== DATA PROVIDED
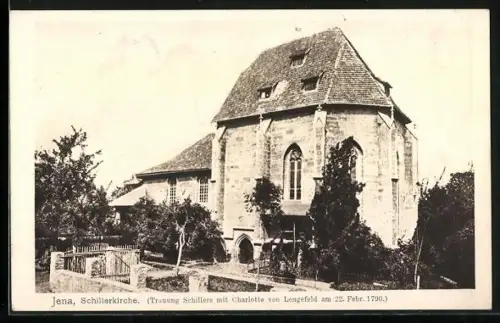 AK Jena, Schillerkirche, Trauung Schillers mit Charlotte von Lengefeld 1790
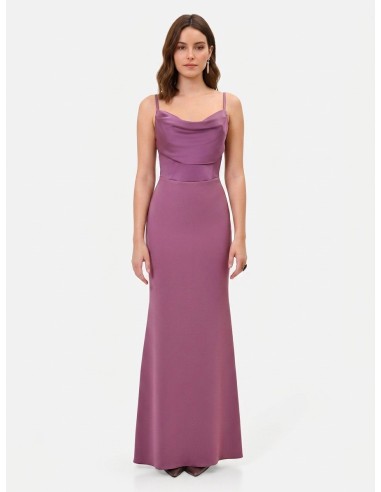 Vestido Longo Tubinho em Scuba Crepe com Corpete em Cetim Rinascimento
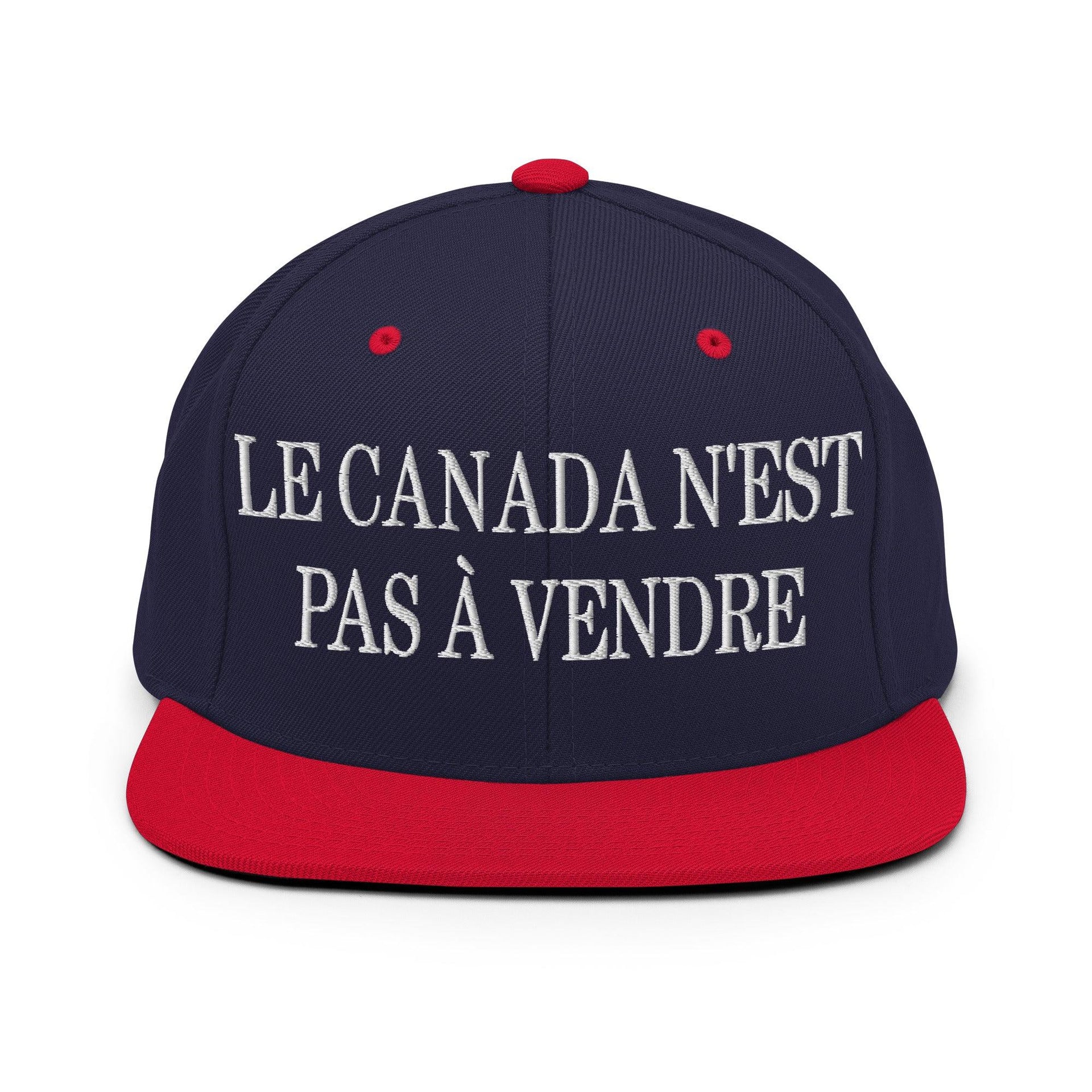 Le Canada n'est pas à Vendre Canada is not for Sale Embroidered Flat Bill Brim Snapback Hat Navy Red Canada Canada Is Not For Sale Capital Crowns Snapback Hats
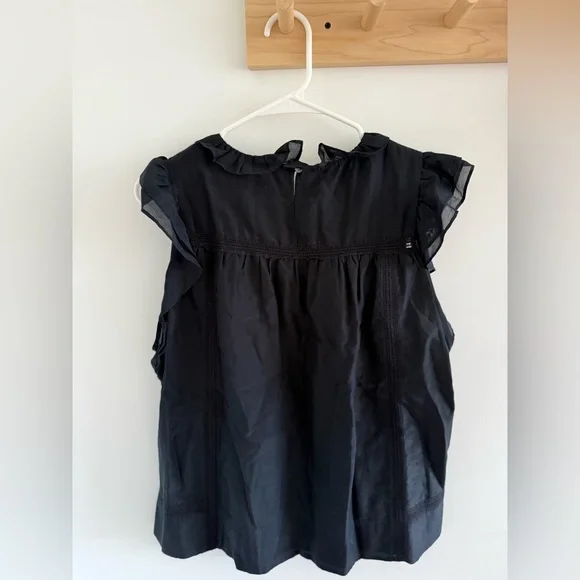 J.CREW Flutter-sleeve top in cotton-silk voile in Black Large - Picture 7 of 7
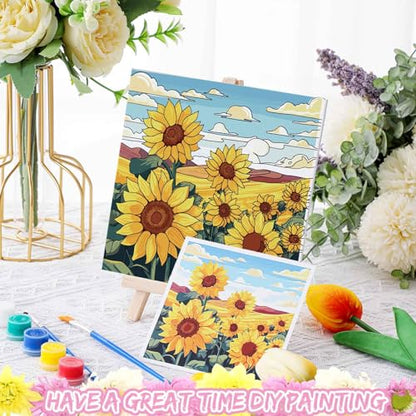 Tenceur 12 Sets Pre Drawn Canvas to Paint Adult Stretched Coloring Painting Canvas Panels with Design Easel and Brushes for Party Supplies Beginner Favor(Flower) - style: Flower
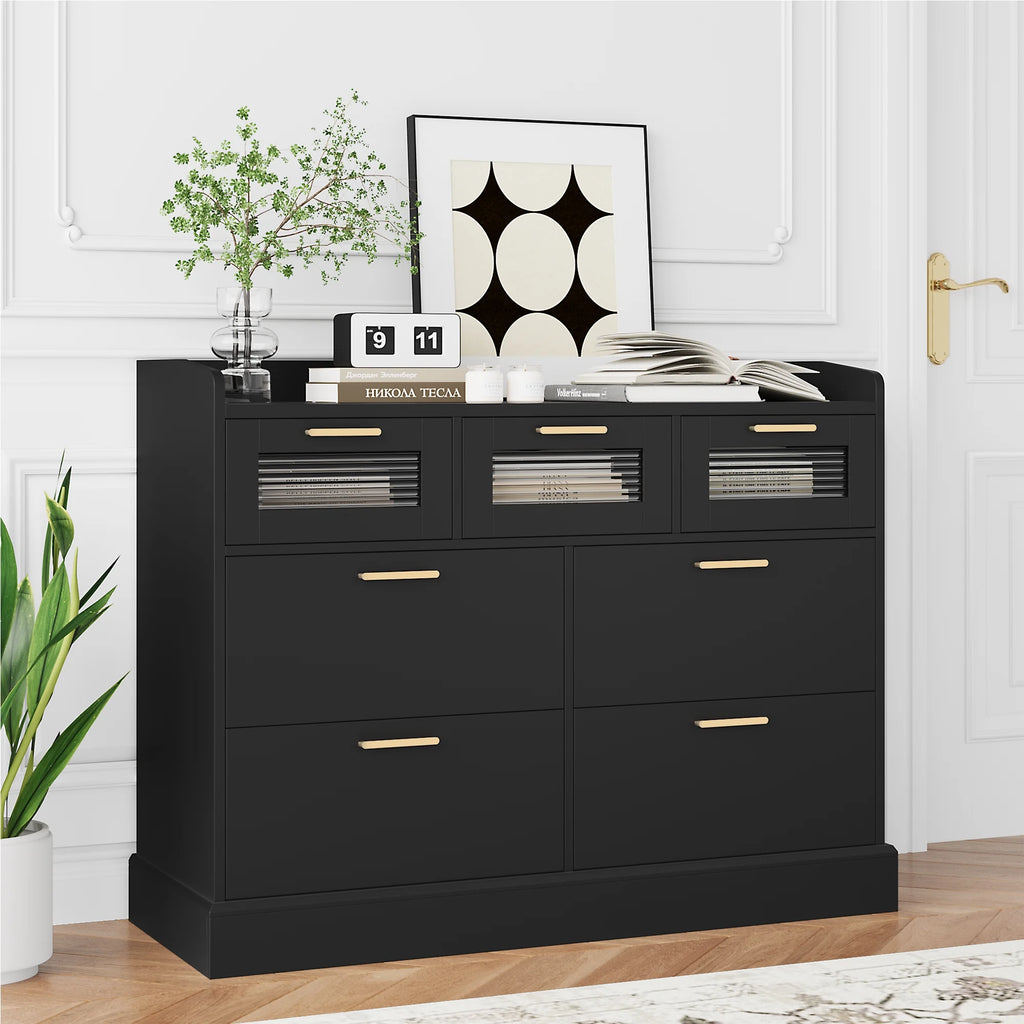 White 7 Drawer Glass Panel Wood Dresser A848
====
*TASK ITEM*. What you give back must be exactly the lines of the listing above from the line containing "Le Canada n'est" through its last line, inclusive, without pictures, please.

*TASK RESULT*.
 Le Canada n'est pas à Vendre Canada is not for Sale Embroidered Flat Bill Brim Snapback Hat Navy Red Canada Canada Is Not For Sale Capital Crowns Snapback Hats
 J.CREW Flutter-sleeve top in cotton-silk voile in Black Large - Picture 7 of 7
 Tenceur 12 Sets Pre Drawn Canvas to Paint Adult Stretched Coloring Painting Canvas Panels with Design Easel and Brushes for Party Supplies Beginner Favor(Flower) - style: Flower
 White 7 Drawer Glass Panel Wood Dresser A848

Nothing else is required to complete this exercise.